Xage offers owners and operators of pipelines a holistic approach to meet TSA requirements without having to rely on multiple point solutions. The Xage Fabric cybersecurity mesh approach eliminates the need to “rip and replace” any existing Operational Technology (OT) to rapidly comply with TSA pipeline security directives. Xage is being deployed now by the owners/operators of U.S. pipelines to comply with TSA requirements, improve security posture, and defend against escalating cyberattacks targeting critical infrastructure. 

Xage Fabric provides Zero Trust Access (ZTA) capabilities to secure all the interactions in, out, and across operational, enterprise, and cloud environments. The Xage Fabric creates policies that set an identity-based perimeter around each user, app, device, machine, and data stream. That policy is then enforced anywhere without having to change existing assets or networks. 

Xage Fabric provides the required technical controls for protection, monitoring, and response across the entire operation to comply with the TSA security directives.

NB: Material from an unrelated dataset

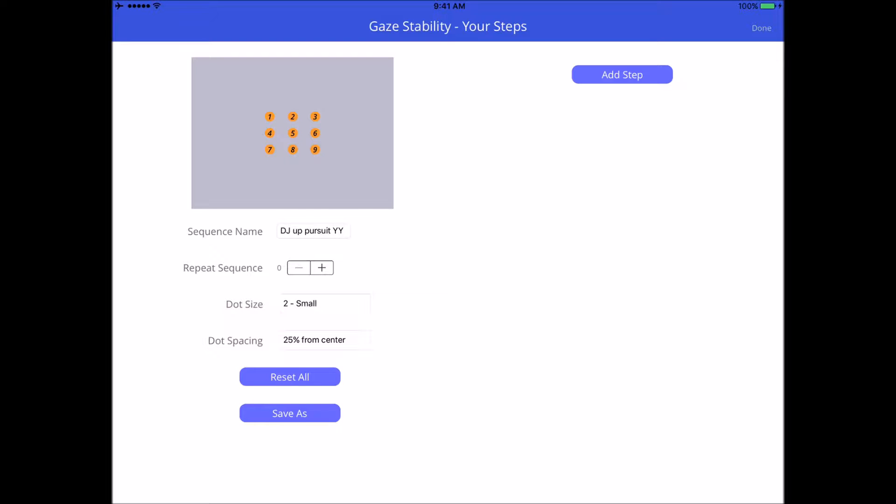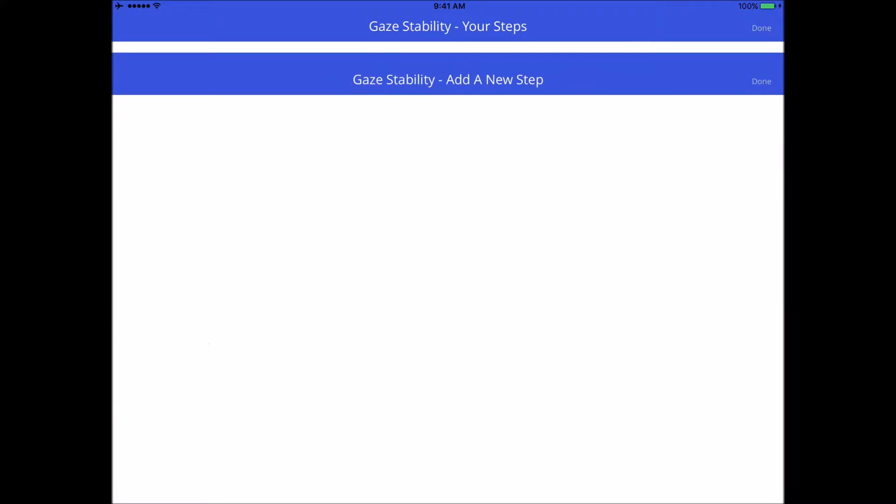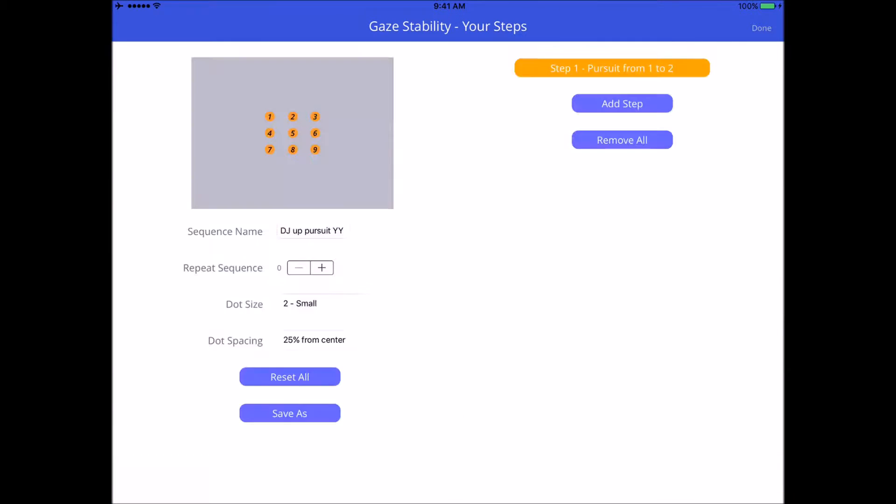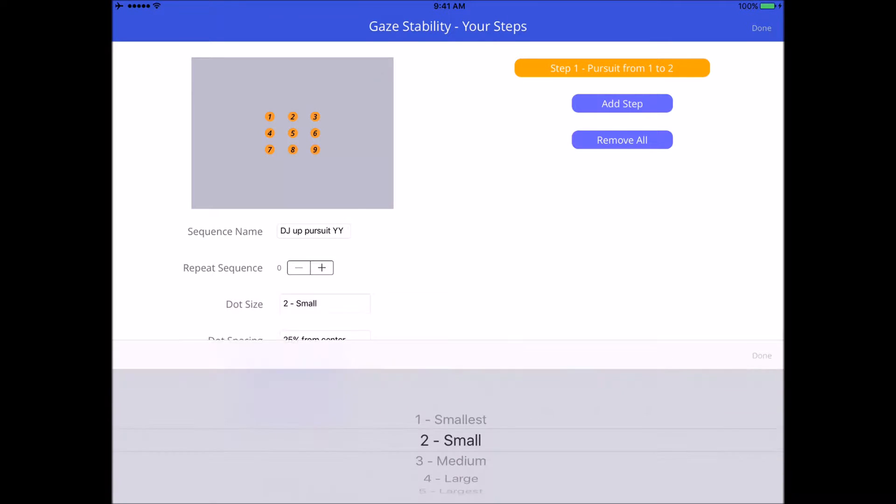The second line, you see repeat sequence. We're going to create a sequence of exercises. You see the steps on the right-hand side, add step, and as you add steps they'll line up in orange. You can create a sequence and have that whole sequence repeated as many times as you want. Let's keep that at zero for now.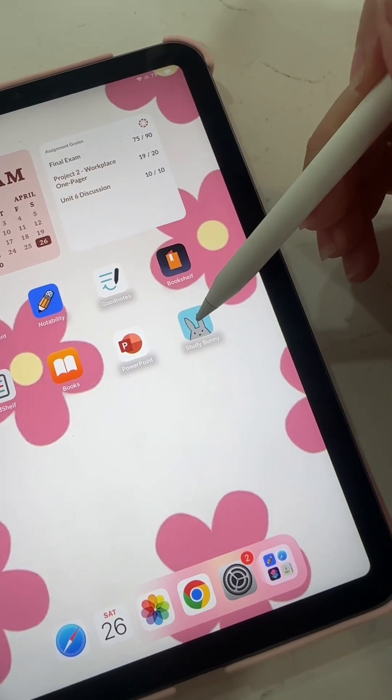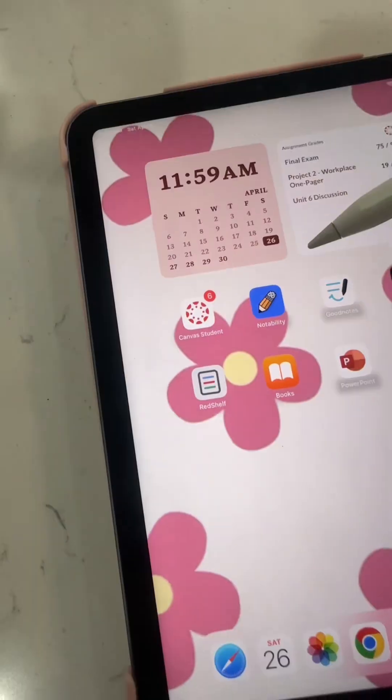And then finally, Study Bunny. Study Bunny is like a Pomodoro timer, but with a little bunny. Every time you finish your timer, you earn little carrots and food for your bunny, so you get to take care of your bunny. I recommend this one on your phone and your iPad, that way you don't use your electronics while you're studying, which is super helpful.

Specifically, Xage provides the following capabilities to meet the key requirements specified in the TSA security directives:

• Access and Credential Management: TSA continues to stress the criticality of access control and credential management. Xage enables granular identity-based access and credential management for all assets– including legacy assets – powered by its patented Xage Fabric. The Xage Fabric seamlessly overlays an operation to impose granular control over all interactions, without any disruptive changes to your assets or operational network. 
• Compensating Controls and Multi-layer MFA: For the many critical systems that lack their own strong security controls and/or security integrations, the Xage Fabric provides zero trust-based access control with support for multi-layer MFA to deliver the “compensating controls” required in the newest TSA directive. Xage’s multi-layer MFA capability combines zero trust with a defense-in-depth authentication strategy. 

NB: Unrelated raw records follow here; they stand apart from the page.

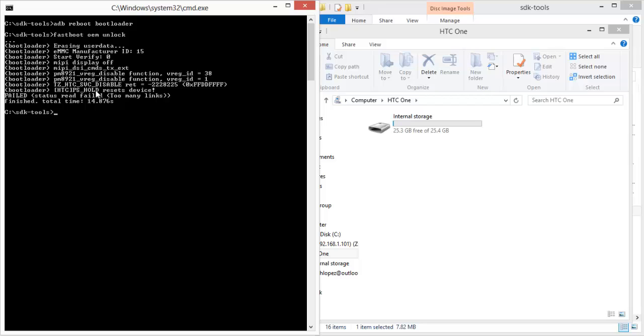This will enable the developer options at the bottom of your settings. So go in there and enable USB debugging.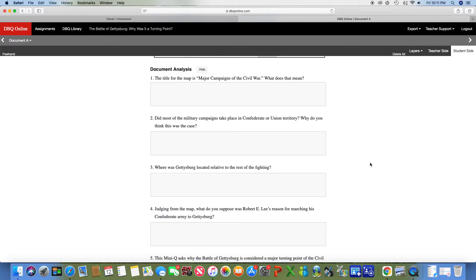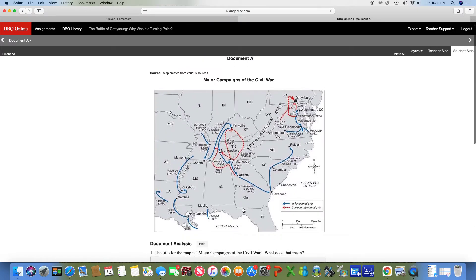Number four: judging from the map, what do you suppose was Robert E. Lee's reason for marching his Confederate army to Gettysburg? Remember, Robert E. Lee is the leader of the southern or Confederate army. I'll give you a little hint — you need to look at what city is close to Gettysburg and why he would want to get close to that city. That is number four.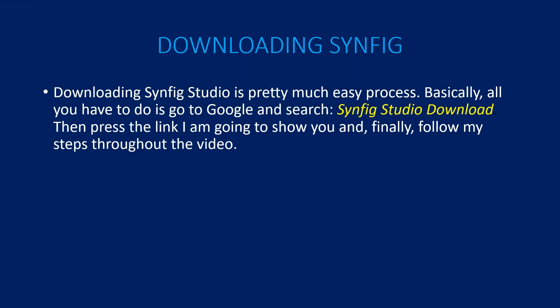Downloading Synfig. Downloading Synfig Studio is a pretty easy process. Basically, all you have to do is go to Google and search Synfig Studio download. Then press the link I'm going to show you and follow my steps throughout the video.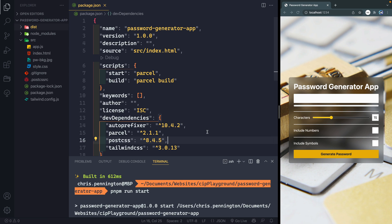Hey, what's up? My name is Chris and welcome to Coding in Public. Especially while you're learning, but anytime you start developing, you can very easily start to sneakily gather a bunch of random node module folders that just clog up space on your machine.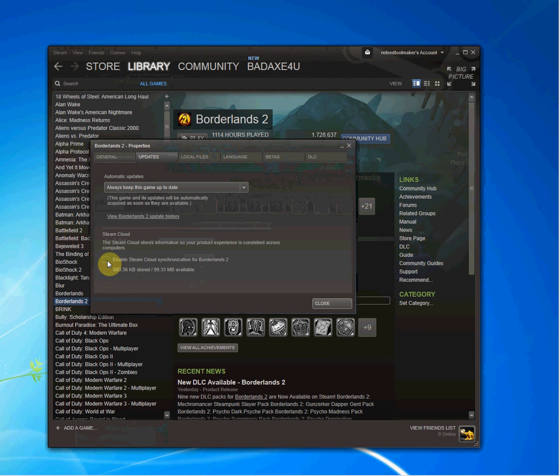But keep in mind, Steam will not be constantly backing up your files. So you will have to do it. It will be up to your responsibility at that point.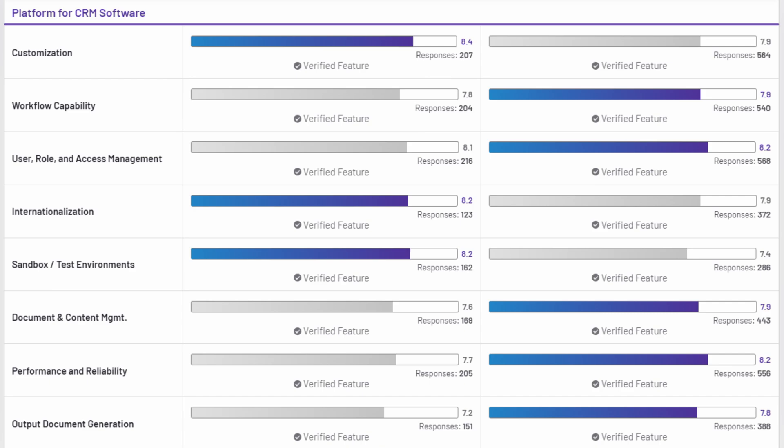And the last ranking is platform for CRM software. Sugar CRM ranked higher in customization, internationalization, sandbox, and test environments. And Zoho CRM was ranked higher in workflow, capability, user role, and access management, document and content management, performance and reliability, and output document generation.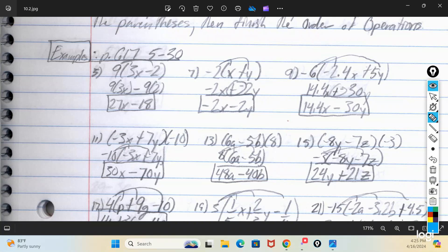Looking at number five: 9 times (3x minus 2). I draw these little spider legs from the 9 to both numbers so I know I've got to multiply the 9 by each one. A good trick is to bring down whatever operation was initially in the parentheses. So 9 times 3x minus 9 times 2. Then you do them individually and get 27x minus 18 — you've multiplied that 9 by both terms inside the parentheses.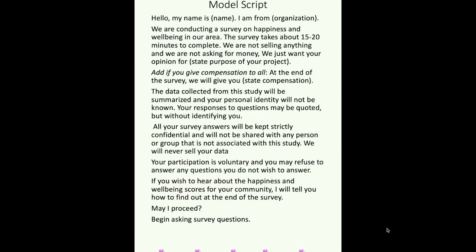Here's a model script for you. This is not prescriptive — it's just an idea, and you can use it and adapt it to develop your own script. You don't want your script to be too long, but it does need to have a certain amount of information so that people feel comfortable taking the Happiness Index.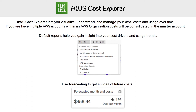Within AWS Cost Explorer, you have these things called reports, and AWS gives you a bunch of reports by default that you can use. So if you need to start breaking costs down based on services, they're just one click away. And you can of course make your own reports.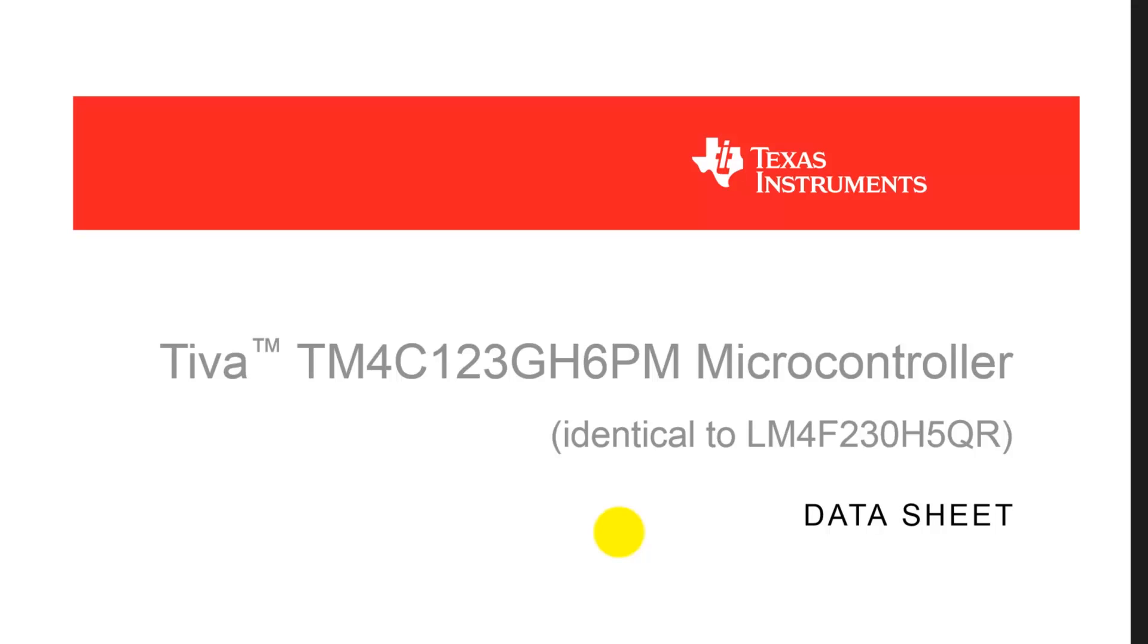In this short video, we'd like to look up the data sheet to learn about the memory layout on the microcontroller.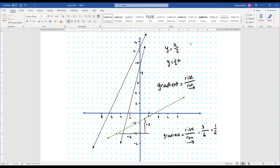Where does it cross the y-axis? Let's see — it crosses at about minus 1.5. So the full equation of that graph is y equals x over two minus 1.5.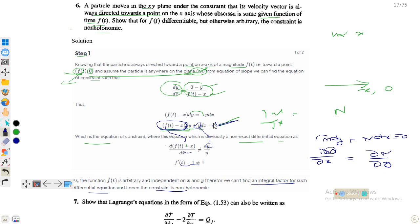Since this equation cannot be put into exact differential equation form, it means the constraint is non-holonomic. This confirms that for f(t) differentiable but otherwise arbitrary, the constraint is non-holonomic. Non-holonomic constraints are those which cannot be expressed in proper equation form — and this equation cannot be reduced to such a form.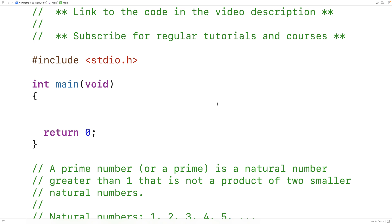In this video, we're going to learn how to determine whether a number is prime or not using C. First, we'll talk about what a prime number is, and then we'll talk about how to determine whether a number is prime or not. And then we'll use that to implement a C program that will determine whether a number is prime or not.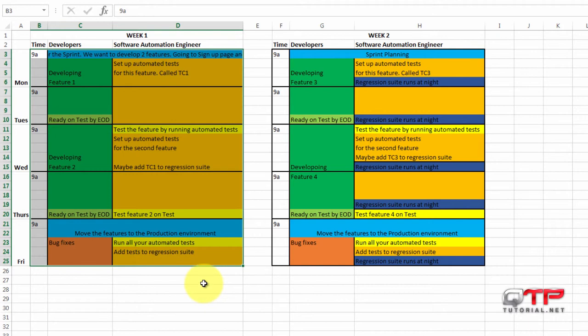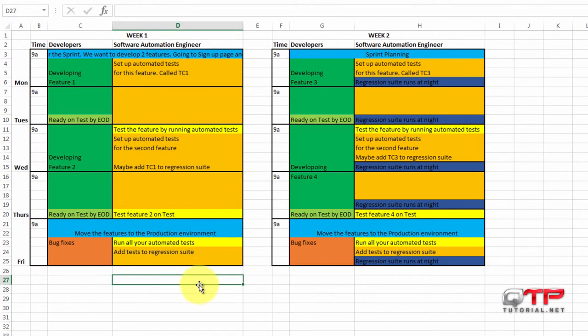During that sprint, that time period, you're working towards achieving some goals of improving the software or creating software. In my instance, we are going to have one-week sprints. That's the time limit in which you're going to work with.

• Secure Zones, Multi-hop Conduits and Asset-centric Segmentation: TSA requires operational environments to be segmented into zones, interconnected with secure, controlled conduits, to prevent contagion from zone-to-zone in the event of breach. The Xage Fabric acts as a mesh, enabling session and protocol termination at each Xage node. The mesh approach guarantees the security of cross-zone conduits between the nodes and ensures that there is no unauthorized access to assets from outside or within each zone.